Remnants of the performance

Remnants of the performance (Photo: Conor O’Brien)

The objects displayed in the Microscope Gallery are the remnants of Baeur’s performance/“translation”: three large, abstract “Eye-O-Grams” made by applying the aforementioned materials on fiber paper, four excerpts from the novel written on fiber paper from which the performers read (the ink now smeared and the text distorted), film reels of the artist’s eyes which were projected during the performance, a sound recording, and a wine glass filled with a mixture of champagne and the artist’s urine. The latter object is one of the more literal translations of the text, inspired by a segment in which a character named Sir Edmund explains Catholic symbolism: “And as for the wine they put in the chalice, the ecclesiastics say it is the blood of Christ, but they are obviously mistaken. If they really thought it was blood, they would use red wine, but since they employ only white wine, they are showing that at the bottom of their hearts, they are quite aware that it is urine.” [3] Bataille mocks the Catholic doctrine of transubstantiation, but also uses this doctrine to elucidate one of his techniques. The imagery in the Bataille’s work slides between forms: eyes become eggs become breasts become testicles; urine becomes sunlight becomes yolk becomes milk becomes semen becomes tears. The novel dwells in this world of shifting forms, and the elements of the “continuous existence” (which opposes the “discontinuous existence”) revealed by the association and transubstantiation of distinct yet similar forms.

An “Eye-O-Gram”

An “Eye-O-Gram” (Photo: Conor O’Brien)

Bauer’s “Eye-O-Grams” are adaptations of this technique: like Bataille, Bauer forces associations between eggs, milk, wine, and urine within the confined space of the page. The difference is, with Bauer’s work, these objects are translated from the linguistic to the material. A major example of linguistic association in Bataille is his comparison of the French words oeil and oeuf (eye and egg), brought into association with each other because of their similar spelling and sound (it is not coincidental that the objects they refer are also similar in shape and color).

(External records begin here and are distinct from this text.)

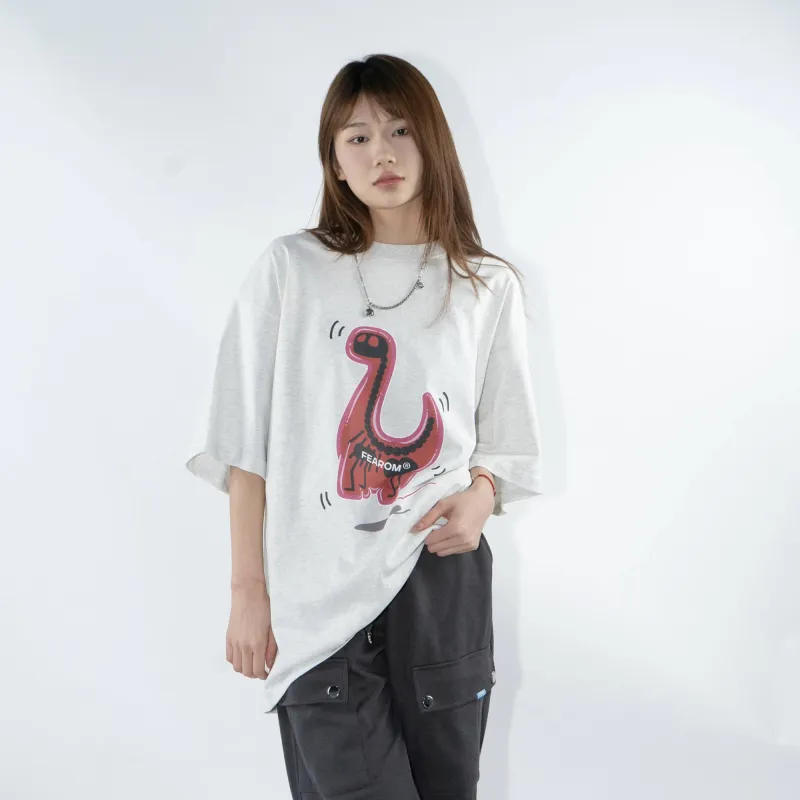 FEAROM T Shirts Unisex-5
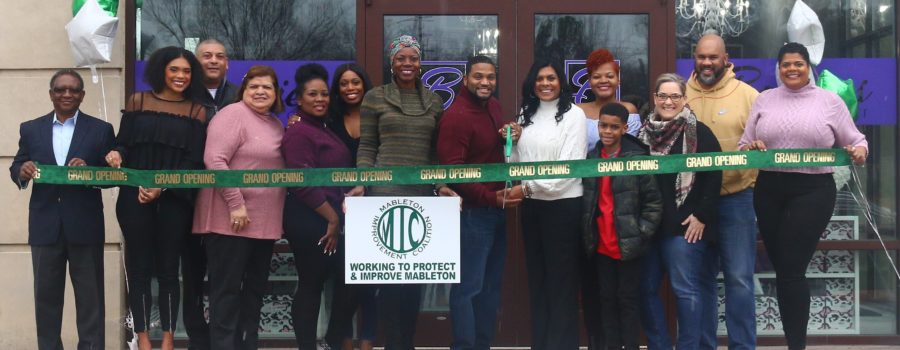 MIC Green Ribbon Cutting – Barbie’s Shoe Closet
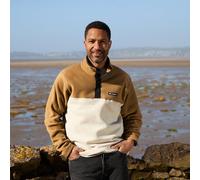 Columbia Steens Mountain™ Half Zip Fleece Beige,Brown 2XL Man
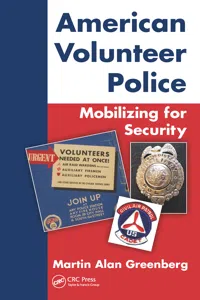 American Volunteer Police: Mobilizing for Security_cover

The linguistic association (metaphor, pun, etc.) is meant to contain both words equally, without giving either component dominance. With Bauer’s material association, the effect is similar: the substance in the glass is both wine and urine, not one thing or another and not one thing standing in for another thing; the two substances are indistinguishably combined. The result is like the unconscious association surfacing on the level of material reality, transgressing the realm of the psychologically/symbolically resonant to that of the physically blunt: an upheaval akin to Simone’s fantasies.

Four excerpts from the novel read during performance

Four excerpts from the novel read during performance (Photo: Conor O’Brien)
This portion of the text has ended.